[ACTION ITEM]
With the line containing "Peruvian Connection Black" as the start and the line containing "Espejo Anticorrosion 60X120" as the end, transcribe that span of the entries below exactly, including both.
(DATASET EXTRACT)
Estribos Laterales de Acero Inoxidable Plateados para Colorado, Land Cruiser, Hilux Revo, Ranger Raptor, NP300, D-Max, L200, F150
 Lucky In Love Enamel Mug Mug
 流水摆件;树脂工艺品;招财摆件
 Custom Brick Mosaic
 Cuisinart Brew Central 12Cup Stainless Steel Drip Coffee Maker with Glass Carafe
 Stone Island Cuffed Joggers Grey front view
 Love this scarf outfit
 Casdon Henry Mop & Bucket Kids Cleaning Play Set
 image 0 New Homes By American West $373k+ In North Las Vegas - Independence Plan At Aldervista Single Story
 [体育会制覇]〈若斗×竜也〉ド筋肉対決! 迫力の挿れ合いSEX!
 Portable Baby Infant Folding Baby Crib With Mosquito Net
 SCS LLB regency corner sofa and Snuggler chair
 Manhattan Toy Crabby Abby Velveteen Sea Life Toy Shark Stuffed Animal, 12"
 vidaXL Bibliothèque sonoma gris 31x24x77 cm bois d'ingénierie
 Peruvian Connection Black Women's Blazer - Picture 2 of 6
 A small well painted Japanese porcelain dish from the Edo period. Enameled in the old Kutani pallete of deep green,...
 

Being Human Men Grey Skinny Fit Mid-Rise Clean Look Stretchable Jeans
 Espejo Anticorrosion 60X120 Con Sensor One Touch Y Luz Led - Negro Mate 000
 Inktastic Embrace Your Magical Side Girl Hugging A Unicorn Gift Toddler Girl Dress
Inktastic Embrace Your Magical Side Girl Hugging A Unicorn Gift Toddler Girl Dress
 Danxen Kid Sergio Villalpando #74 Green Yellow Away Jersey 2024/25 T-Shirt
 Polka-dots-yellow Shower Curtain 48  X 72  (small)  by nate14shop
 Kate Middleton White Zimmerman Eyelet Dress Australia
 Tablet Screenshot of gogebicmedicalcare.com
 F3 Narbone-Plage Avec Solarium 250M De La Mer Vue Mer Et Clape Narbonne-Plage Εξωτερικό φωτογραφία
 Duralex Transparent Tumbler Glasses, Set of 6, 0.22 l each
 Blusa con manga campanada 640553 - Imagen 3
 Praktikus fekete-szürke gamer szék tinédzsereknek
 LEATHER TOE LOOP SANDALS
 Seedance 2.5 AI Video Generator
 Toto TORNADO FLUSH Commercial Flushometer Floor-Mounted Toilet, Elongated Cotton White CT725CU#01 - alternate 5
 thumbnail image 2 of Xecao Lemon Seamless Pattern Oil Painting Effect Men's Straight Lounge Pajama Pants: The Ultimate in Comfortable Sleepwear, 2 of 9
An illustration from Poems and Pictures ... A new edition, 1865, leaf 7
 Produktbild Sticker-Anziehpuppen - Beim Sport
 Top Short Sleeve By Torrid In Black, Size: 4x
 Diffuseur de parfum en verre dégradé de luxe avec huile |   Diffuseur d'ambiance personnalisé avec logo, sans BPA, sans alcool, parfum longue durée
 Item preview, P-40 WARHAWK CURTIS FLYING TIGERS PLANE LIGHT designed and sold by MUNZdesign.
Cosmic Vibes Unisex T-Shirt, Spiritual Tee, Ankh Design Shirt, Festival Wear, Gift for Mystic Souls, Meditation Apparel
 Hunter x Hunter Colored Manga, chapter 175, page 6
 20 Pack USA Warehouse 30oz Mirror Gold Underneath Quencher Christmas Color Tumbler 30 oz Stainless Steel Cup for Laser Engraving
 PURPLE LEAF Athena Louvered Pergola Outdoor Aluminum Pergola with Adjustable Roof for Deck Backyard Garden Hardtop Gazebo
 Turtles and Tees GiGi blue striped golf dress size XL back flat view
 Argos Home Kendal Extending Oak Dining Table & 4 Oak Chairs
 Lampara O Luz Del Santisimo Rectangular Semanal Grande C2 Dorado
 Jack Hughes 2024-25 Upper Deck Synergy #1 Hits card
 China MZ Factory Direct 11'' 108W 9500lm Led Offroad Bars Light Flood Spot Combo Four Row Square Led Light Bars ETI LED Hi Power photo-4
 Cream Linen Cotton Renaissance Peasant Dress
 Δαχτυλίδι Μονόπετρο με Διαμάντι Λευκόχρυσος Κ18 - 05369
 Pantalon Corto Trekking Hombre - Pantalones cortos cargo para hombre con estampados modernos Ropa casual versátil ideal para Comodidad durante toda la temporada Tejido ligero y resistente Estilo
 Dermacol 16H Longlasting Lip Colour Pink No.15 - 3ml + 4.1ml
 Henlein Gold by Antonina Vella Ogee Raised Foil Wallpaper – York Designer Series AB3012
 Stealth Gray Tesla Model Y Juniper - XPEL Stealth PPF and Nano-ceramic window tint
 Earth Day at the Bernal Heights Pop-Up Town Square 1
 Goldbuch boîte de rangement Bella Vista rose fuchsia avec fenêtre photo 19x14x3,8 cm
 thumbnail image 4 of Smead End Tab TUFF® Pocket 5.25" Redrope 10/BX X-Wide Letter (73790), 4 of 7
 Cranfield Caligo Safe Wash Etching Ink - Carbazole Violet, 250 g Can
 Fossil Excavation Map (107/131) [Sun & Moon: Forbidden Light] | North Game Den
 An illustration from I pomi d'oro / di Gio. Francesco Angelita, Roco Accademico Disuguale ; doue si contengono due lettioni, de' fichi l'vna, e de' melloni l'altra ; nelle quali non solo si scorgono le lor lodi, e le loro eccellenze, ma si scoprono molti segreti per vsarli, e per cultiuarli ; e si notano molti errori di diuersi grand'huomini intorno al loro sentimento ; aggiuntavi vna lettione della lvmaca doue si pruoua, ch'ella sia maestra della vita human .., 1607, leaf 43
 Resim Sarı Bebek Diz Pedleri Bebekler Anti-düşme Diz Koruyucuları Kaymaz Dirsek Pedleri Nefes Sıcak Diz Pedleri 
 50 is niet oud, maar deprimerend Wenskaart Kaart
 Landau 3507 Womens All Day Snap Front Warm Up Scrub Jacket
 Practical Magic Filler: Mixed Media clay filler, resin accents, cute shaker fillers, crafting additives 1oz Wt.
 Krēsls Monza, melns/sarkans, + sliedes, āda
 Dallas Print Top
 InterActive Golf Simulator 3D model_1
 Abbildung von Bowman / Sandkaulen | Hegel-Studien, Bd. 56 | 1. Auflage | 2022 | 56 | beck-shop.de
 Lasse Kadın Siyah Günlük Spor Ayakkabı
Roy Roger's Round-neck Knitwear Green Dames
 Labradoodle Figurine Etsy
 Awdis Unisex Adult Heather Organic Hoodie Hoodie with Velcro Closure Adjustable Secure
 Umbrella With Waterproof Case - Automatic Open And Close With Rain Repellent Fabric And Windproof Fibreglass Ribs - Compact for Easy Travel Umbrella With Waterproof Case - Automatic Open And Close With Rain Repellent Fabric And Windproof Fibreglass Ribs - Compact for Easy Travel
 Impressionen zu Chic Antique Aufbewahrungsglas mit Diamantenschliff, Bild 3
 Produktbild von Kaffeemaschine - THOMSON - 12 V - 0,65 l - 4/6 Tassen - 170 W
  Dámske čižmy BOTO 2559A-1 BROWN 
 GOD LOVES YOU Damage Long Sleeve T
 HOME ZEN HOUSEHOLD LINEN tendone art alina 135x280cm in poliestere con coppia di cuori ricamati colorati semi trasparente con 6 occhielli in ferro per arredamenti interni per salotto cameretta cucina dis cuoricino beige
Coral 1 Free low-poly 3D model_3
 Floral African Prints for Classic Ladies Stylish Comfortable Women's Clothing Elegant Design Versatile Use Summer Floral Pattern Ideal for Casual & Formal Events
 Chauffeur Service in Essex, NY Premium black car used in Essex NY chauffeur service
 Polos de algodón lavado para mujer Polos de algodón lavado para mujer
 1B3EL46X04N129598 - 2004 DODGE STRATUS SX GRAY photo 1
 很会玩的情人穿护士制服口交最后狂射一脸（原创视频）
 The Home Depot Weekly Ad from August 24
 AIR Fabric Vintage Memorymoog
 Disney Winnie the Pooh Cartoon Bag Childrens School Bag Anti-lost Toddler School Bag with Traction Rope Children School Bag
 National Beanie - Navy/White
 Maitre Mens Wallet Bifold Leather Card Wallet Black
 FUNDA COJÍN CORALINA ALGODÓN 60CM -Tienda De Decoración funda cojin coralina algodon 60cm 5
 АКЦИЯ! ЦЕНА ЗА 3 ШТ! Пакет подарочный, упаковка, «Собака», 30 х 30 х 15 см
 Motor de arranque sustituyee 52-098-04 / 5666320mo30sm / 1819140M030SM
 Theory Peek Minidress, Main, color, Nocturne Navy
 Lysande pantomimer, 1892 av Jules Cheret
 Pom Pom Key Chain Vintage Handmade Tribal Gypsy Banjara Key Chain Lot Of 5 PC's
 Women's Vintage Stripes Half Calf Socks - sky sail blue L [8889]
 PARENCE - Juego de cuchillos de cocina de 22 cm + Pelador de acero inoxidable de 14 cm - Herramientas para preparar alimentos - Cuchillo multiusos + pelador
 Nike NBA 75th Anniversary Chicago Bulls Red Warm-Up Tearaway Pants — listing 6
(End DATASET EXTRACT)
[RESPONSE BOX]
 Peruvian Connection Black Women's Blazer - Picture 2 of 6
 A small well painted Japanese porcelain dish from the Edo period. Enameled in the old Kutani pallete of deep green,...
 

Being Human Men Grey Skinny Fit Mid-Rise Clean Look Stretchable Jeans
 Espejo Anticorrosion 60X120 Con Sensor One Touch Y Luz Led - Negro Mate 000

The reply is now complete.